Un passage de la note de M. de Metternich, dans lequel il s'étayait de l'opposition de la France aux vues de la Prusse sur la Saxe, ayant probablement fait craindre à l'empereur Alexandre qu'il n'y eût un concert déjà formé ou prêt à se former entre l'Autriche et nous, il m'envoya sur-le-champ le prince Adam Czartoryski.

A son début, le prince m'a renouvelé la proposition que l'empereur Alexandre m'avait faite lui-même, dans le dernier entretien que j'ai eu l'honneur d'avoir avec lui, de nous prêter à ses désirs dans la question de la Saxe, nous promettant tout son appui dans celle de Naples. Sa proposition lui paraissait d'autant plus acceptable que, maintenant, il ne demandait plus l'abandon de la Saxe entière, et qu'il consentait à ce qu'il restât un noyau du royaume de Saxe.

Je répondis que quant à la question de Naples, je m'en tenais à ce que l'empereur m'avait dit, que je me fiais à sa parole, que d'ailleurs ses intérêts dans cette question étaient les mêmes que les nôtres, et qu'il n'y pourrait pas être d'un autre avis que nous; que si la question de Pologne, que l'on devait regarder comme personnelle à l'empereur Alexandre, puisqu'il y attachait sa satisfaction et sa gloire, avait été décidée selon ses désirs (elle ne l'est pas encore complètement, mais peu s'en faut), il le devait à la persuasion où étaient l'Autriche et la Prusse que nous ne serions à cet égard qu'en seconde ligne; que dans la question de la Saxe, réellement étrangère aux intérêts de l'empereur, nous avions pris sur nous d'engager le roi de Saxe à quelques sacrifices, mais que l'esprit de conciliation ne pouvait pas porter à aller aussi loin que l'empereur paraissait le désirer.

Le prince me parla d'alliance et de mariage. Je lui dis que tant d'objets si graves ne pouvaient se traiter à la fois; qu'il y avait d'ailleurs des choses qu'on ne pouvait mêler à d'autres, parce que ce serait leur donner le caractère avilissant d'un marché.

Il me demanda si nous avions des engagements avec l'Autriche: je lui dis que non; si nous en prendrions avec elle, dans le cas où l'on ne s'entendrait pas sur la Saxe, à quoi je répondis: J'en serais fâché. Après un moment de silence, nous nous quittâmes poliment, mais froidement.

L'empereur, qui devait aller le soir à une fête que donnait M. de Metternich, n'y vint point. Un mal de tête subit en fut la cause ou le prétexte. Il y envoya l'impératrice et les grandes-duchesses.
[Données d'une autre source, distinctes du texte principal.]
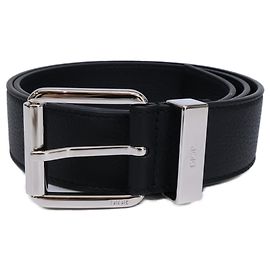 Cinto de couro Christian Dior com hardware prateado Preto Prata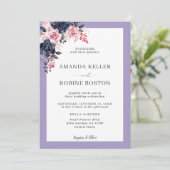 Élégant Rose de marine violet Faire-part de mariag (Debout devant)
Il fit engager[437] M. de Metternich à se rendre chez lui le lendemain matin.

Pendant le bal, M. de Metternich s'approcha de moi, et, après m'avoir remercié d'un petit service que je lui avais rendu, il se plaignit à moi de l'embarras dans lequel les notes de lord Castlereagh sur la Saxe le mettaient. Je pensais qu'il n'y en avait eu qu'une de très compromettante (celle du 11 octobre); mais il me parla d'une autre que j'ai pu me procurer aujourd'hui, et dont j'ai l'honneur d'envoyer une copie à Votre Majesté. Quoiqu'elle porte le titre de Note verbale de lord Castlereagh, je sais qu'elle est l'ouvrage de M. Cook, auquel, et comme doctrine et comme style, elle ne fera pas beaucoup d'honneur. Elle a été remise aux trois puissances qui se sont si longtemps appelées alliées.

M. de Metternich me promit qu'en sortant de chez l'empereur Alexandre, il viendrait chez moi, s'il n'était pas trop tard, pour me dire ce qui se serait passé. Cette fois il tint sa parole.